During the first World War he developed a device known as the "C" (for Coolidge) tube for detecting submarines. This was followed by the development of a second detector, known as the "K" tube, which was a drifter set, free from the water noises that reduced the range of the "C" tube in rough weather. But the "C" tube was only one of Dr. Coolidge's contributions to the war effort. His other was the development of a small, powerful portable X-ray generating outfit for use in field hospitals near the front. This outfit, in turn, led to the development of one so small, light and readily assembled that a doctor could easily transport it in his coupe and set it up at a patient's bedside.

Another development along the same lines was a very small self-shielded, self-rectifying tube, and a small 56,000-volt transformer, both of which could be placed in an oil-filled, tightly sealed case.

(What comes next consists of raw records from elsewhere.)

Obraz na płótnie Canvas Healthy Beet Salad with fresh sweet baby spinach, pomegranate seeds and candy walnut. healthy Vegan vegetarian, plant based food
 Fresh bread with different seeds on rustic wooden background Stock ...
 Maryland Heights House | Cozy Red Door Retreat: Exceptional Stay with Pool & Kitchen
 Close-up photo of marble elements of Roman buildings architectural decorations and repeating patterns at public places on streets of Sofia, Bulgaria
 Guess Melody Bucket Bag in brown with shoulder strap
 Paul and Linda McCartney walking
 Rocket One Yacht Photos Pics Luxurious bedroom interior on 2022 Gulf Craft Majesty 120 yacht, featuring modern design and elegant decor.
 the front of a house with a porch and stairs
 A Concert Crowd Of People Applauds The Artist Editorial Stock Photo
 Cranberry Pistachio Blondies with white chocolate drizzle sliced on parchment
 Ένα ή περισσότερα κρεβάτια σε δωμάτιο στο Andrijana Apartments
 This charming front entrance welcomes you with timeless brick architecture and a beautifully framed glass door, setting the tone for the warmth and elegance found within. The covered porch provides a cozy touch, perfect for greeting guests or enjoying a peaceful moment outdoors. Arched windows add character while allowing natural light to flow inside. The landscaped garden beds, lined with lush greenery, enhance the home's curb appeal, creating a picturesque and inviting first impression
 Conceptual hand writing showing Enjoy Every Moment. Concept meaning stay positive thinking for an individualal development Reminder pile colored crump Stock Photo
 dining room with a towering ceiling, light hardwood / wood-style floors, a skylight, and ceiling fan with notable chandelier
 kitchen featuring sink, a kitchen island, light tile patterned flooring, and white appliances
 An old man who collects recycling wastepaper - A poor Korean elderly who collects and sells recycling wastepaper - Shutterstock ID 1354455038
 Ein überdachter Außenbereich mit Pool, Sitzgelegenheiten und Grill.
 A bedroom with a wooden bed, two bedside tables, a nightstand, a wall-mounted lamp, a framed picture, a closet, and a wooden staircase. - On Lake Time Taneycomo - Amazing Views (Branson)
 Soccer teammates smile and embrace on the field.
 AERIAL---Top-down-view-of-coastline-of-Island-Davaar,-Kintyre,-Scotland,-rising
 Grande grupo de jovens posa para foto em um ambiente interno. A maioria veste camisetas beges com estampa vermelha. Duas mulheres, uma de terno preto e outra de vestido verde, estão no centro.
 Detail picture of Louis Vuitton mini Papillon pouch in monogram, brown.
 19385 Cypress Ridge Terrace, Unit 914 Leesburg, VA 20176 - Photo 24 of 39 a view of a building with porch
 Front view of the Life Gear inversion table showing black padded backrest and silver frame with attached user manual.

This permitted for the first time a wholly safe, convenient and adequate X-ray outfit for the dentist. Along with this development of X-ray tubes, Dr. Coolidge carried on studies of high-powered cathode rays.

He became assistant director of the General Electric Research Laboratory in 1908, associate director in 1928, director in 1932 and vice president and director of research in 1940. In December 1944 Dr. Coolidge retired as vice president but continued in a consulting capacity. In September 1946 he returned as head of the new division of the Research Laboratory at the Hanford Engineer Works, Richland, Washington.

Among his many awards are the following:

  • Rumford Medal of the American Academy of Arts and Science
  • Howard N. Potts Medal of the Franklin Institute
  • Louis Edward Levy Gold Medal of the Franklin Institute
  • Gold Medal of the American College of Radiology
  • Hughes Medal of the Royal Society, London
  • Edison Medal of the American Institute of Electrical Engineers
  • Washington Award of the Western Society of Engineers
  • John Scott Award
  • Faraday Medal of the Institution of Electrical Engineers of England
  • Modern Pioneer Award of the National Association of Manufacturers
  • Duddell Medal of the Physical Society, London
  • "Order del Mento" by the Chilean Government

In 1937 he received from the University of Zurich an honorary M.D. degree in acknowledgement of his outstanding achievements in the field of applied physics in medical science, particularly in the field of X-rays. Only one or two other laymen in this country have been so honored. He has also been awarded Doctor of Science degrees from Union College (1927) and Lehigh University (1927).

Dr. Coolidge was a Term Member of MIT from 1930 to 1935. He was also a member of the Visiting Committee of the National Bureau of Standards and a member of the National Inventors Council, a body created in 1940 to encourage and investigate inventions that might prove useful in the war effort.

He belonged to the National Academy of Sciences, the American Academy of Arts and Sciences, the Washington Academy of Sciences, the American Association for the Advancement of Science, the American Chemical Society, the American Electrochemical Society, the American Institute of Electrical Engineers, the American Physical Society, the American Institute of Chemists and the American Philosophical Society.

He was an honorary member of the American Roentgen Ray Society, the American Radium Society, the Radiological Society of North America, the American College of Radiology, the Dental Society of the State of New York, the Roentgen Society (of England), The Societe de RAdiologie Medicale (de France), and the Nordisk Forening for Medicinisk Radiologi (Scandinavia).

When Coolidge died in Schenectdady in 1975 at the age of 101, he held a total of 83 patents.